A special mention must be made of the ride a little like a big wheel,
but which went considerably faster. The cars which were little cages
of wire mesh which could hold two people AND turn completely upside
down. The mechanism was rickety and home-made, the ride quality
consequently variable but on occasion superb. The assaulting quality
of the disorientation was such that the screams changed into
uncontrollable giggles, which ramped steadily (via the mechanism
of a mutual positive feedback loop) until we were in frozen
paroxysms. This was not helped by the fact that a pound coin escaped
from Martin's pocket when we were upside down. It clattered
metallically about the cage just out of reach while our fingers
clutched at it feverishly.
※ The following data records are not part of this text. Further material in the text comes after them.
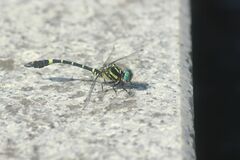 Melligomphus viridicostus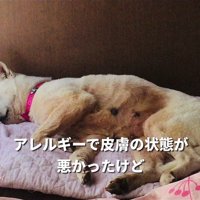 マナちゃんの現在までの軌跡3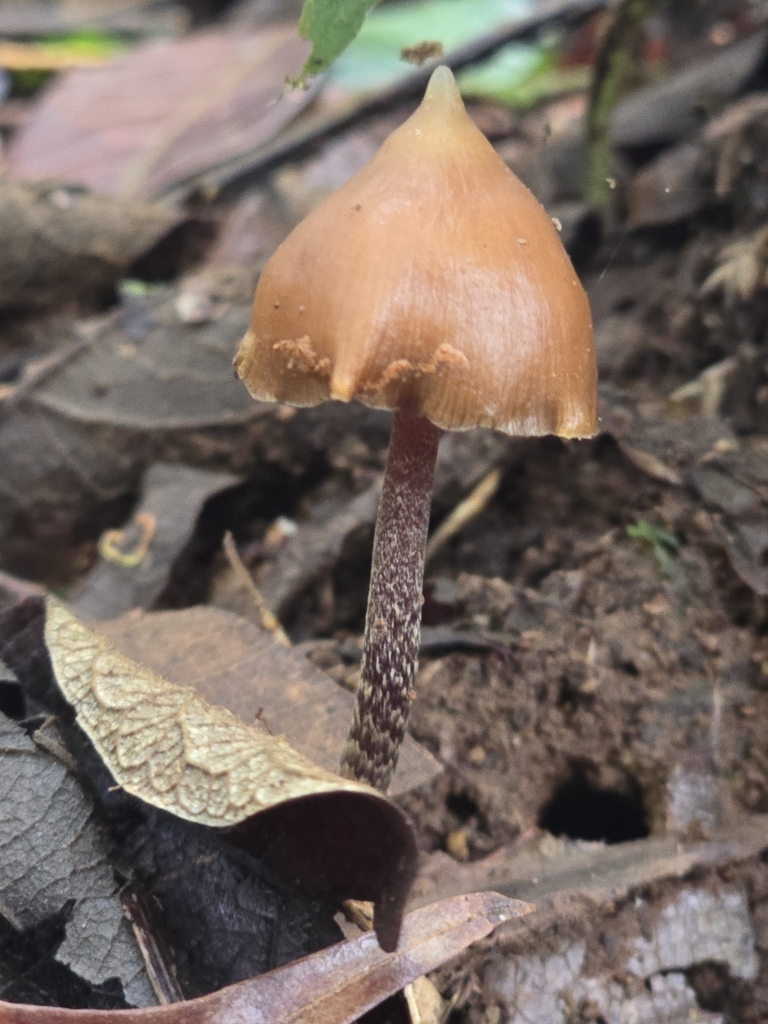 Psilocybe hoogshagenii · March 2024 · photo: © alan_rockefeller (iNaturalist, cc-by-sa)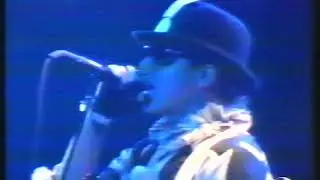 Noticia Festival Lollapalooza 1992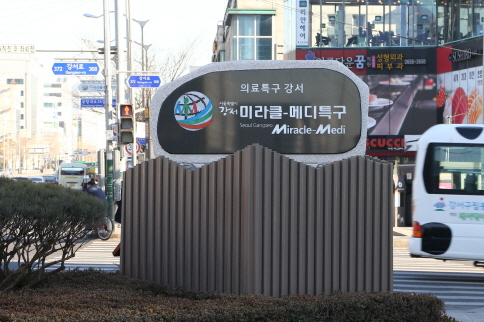미라클메디특구 간판석.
The gauge of the mesh was tantalising.
Penetration of the coinage just required a single unfortunate angle
of presentation and this tragically proved to be just a matter of
time.

The ride came to a halt abruptly and we were the first to dismount,
without having the time given to the occupants of the other cars to
compose themselves - only they didn't need it! "I don't know what the
fairground attendants thought of us." I remarked worriedly afterwards
to Martin. "Just another pair of Queens!" he riposted flippantly.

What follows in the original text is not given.